Short web captions

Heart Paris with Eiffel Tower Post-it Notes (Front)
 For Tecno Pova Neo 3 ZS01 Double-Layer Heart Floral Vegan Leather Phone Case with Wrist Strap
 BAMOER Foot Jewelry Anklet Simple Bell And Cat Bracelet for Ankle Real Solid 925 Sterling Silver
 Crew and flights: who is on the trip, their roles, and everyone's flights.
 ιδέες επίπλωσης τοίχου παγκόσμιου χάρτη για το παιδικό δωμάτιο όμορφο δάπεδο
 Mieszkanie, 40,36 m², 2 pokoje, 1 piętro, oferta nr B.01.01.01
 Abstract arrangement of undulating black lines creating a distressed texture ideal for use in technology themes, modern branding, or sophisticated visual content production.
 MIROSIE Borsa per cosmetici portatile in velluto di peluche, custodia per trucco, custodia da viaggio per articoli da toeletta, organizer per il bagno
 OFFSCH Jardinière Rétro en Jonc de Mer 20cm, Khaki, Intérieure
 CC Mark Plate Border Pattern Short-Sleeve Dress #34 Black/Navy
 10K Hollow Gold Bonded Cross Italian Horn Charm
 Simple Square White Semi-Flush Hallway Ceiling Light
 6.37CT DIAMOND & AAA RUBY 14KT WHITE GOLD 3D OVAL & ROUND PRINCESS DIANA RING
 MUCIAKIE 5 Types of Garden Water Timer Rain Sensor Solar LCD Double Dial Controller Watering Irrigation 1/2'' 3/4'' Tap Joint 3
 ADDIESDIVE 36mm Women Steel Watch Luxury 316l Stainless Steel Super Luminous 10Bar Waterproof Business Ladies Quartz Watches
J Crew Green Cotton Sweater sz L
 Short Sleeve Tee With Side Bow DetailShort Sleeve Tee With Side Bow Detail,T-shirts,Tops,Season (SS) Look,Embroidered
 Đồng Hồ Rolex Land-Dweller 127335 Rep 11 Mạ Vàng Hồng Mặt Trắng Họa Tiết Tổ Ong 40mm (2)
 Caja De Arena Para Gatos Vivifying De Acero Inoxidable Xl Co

■ What to produce
Show, from the records above, every line that includes "Sleeve".

■ Task solution
 CC Mark Plate Border Pattern Short-Sleeve Dress #34 Black/Navy
 Short Sleeve Tee With Side Bow DetailShort Sleeve Tee With Side Bow Detail,T-shirts,Tops,Season (SS) Look,Embroidered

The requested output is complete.